The Sorting Is Complete, and Nobody Told the Never Trumpers

The Never Trump ecosystem is really good at preaching to the converted, and reaffirming their priors, but reaching any new people? Not so much. The evidence shows that the political landscape is calcified.

The Sorting Is Complete, and Nobody Told the Never Trumpers

[Part 3 of a series on the Never Trump ecosystem. Start with Part 1 or catch up on Part 2.]

Here's something I've noticed watching the Never Trump media ecosystem over the past several years: they talk a lot about persuasion, but they're almost entirely talking to people who are already persuaded.

This isn't a small observation. It's actually the central strategic failure of the Never Trump political project, and understanding it requires being honest about something the Never Trump commentariat seems genuinely reluctant to acknowledge: the sorting is done. It's over. The Republicans who were going to leave have left, and the ones who were going to stay have made their peace with it, one way or another.

What actually happened

Between 2016 and 2024, American voters - particularly Republican-identifying voters - went through an extended, brutal sorting process. Every major Trump controversy became a decision point. The Access Hollywood tape. Helsinki. January 6th. The indictments. The conviction. North of seventy-seven million votes in 2024 went for Trump despite all of it. In fact, the shift of votes to Trump accelerated in 2024.

At each of those moments, the Never Trump argument was: surely this is the thing that breaks it. And each time, the Republican base absorbed the shock, rationalized it, and came out the other side more committed than before. The people who couldn't rationalize it left — changed their registration, voted Democratic, sat out. The people who could rationalize it stayed, and the rationalizations got more elaborate and more load-bearing with each cycle.
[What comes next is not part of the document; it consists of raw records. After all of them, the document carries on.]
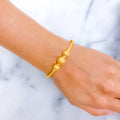 Graceful Three Bead Bangle 22k Gold Bracelet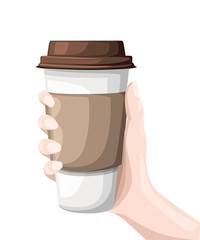 Paper coffee cup icon isolated on background. Plastic coffee cup with hot coffee in flat style vector illustration.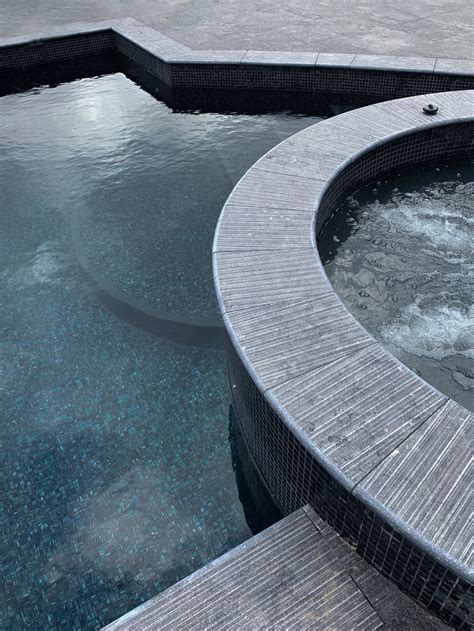 Modern Black Pool With Stone Realize Your Dream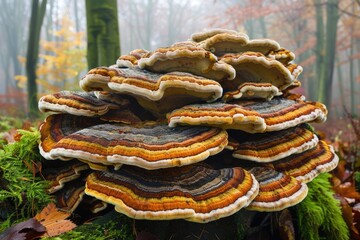 Healing Turkey Tail Mushroom in Autumn Forest. Medicinal Fungal Plant Among Moss and Trees in Nature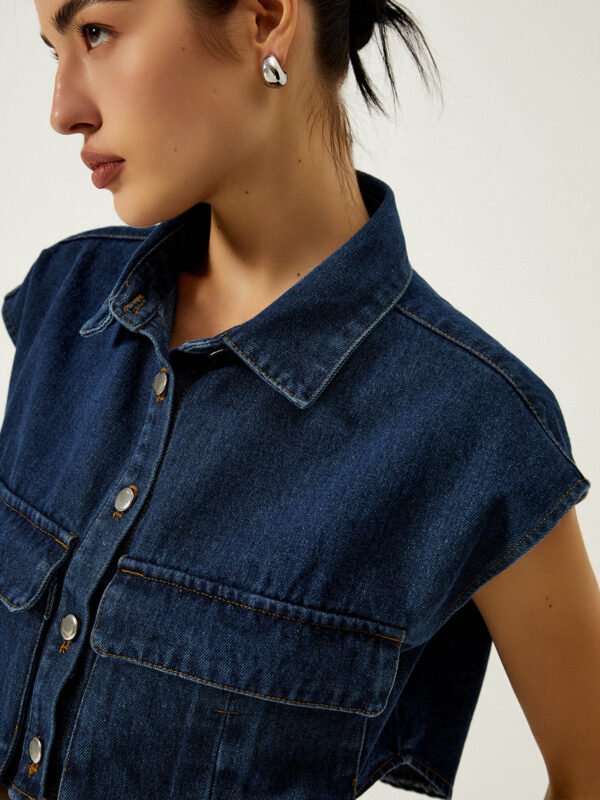 Denim Pockets Turn Down Collar Vest - Image 4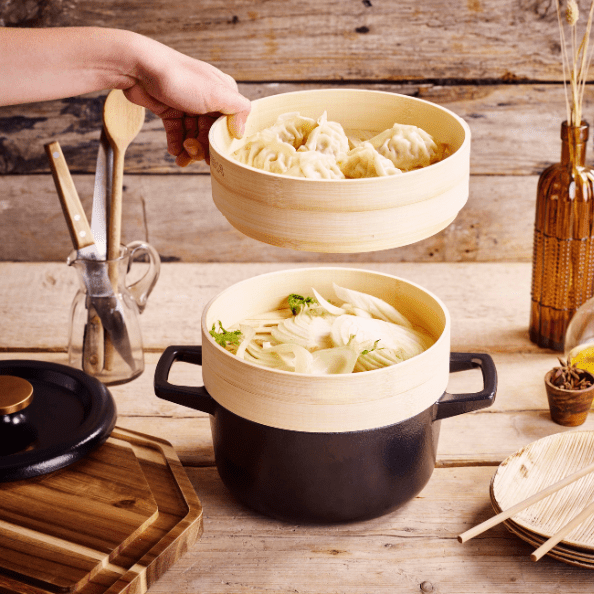 Nori Cast Iron Cocotte with Steamer Inserts – Multi-Purpose Dutch Oven with Steamer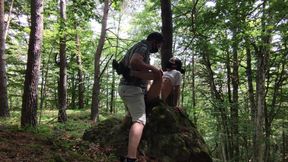 Sex in the forest with an Asian slut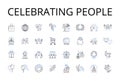 Celebrating people line icons collection. Applauding heroes, Honoring triumphs, Commending winners, Praising champions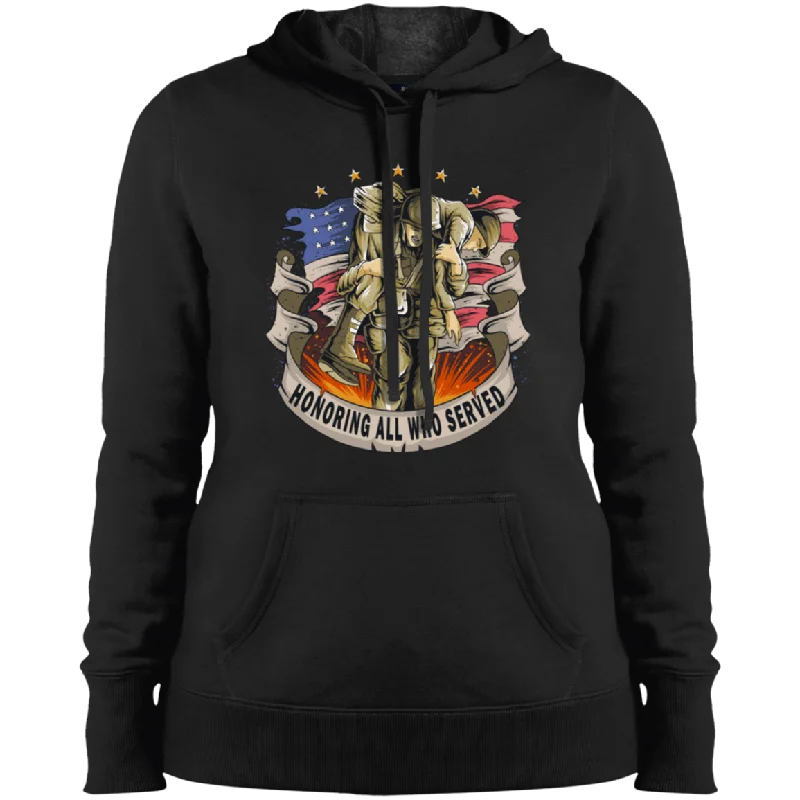 Honoring Those Who Served Ladies' Pullover Hooded Sweatshirt Button Front Sweater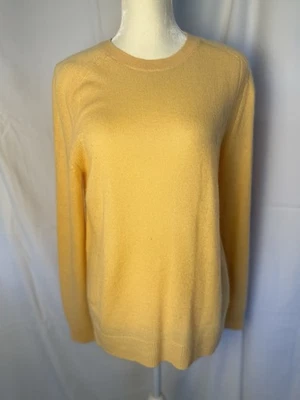 Lafayette 148 100% Cashmere Sweater Pullover Relaxed Crewneck Yellow Large - Image 1 of 4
What you're left with is a Republican Party whose remaining members have, by definition, already decided that whatever Trump is, it's acceptable to them. The 15-19% of Republicans who currently view Trump unfavorably in polling — PRRI puts it at around 19%, YouGov at 16% — are not waiting to be persuaded by the next Bulwark podcast. They've already processed the information. They just haven't left yet, for their own reasons.

The three rhetorical strategies that aren't working

The Never Trump media operation has essentially three moves, and all three have serious problems.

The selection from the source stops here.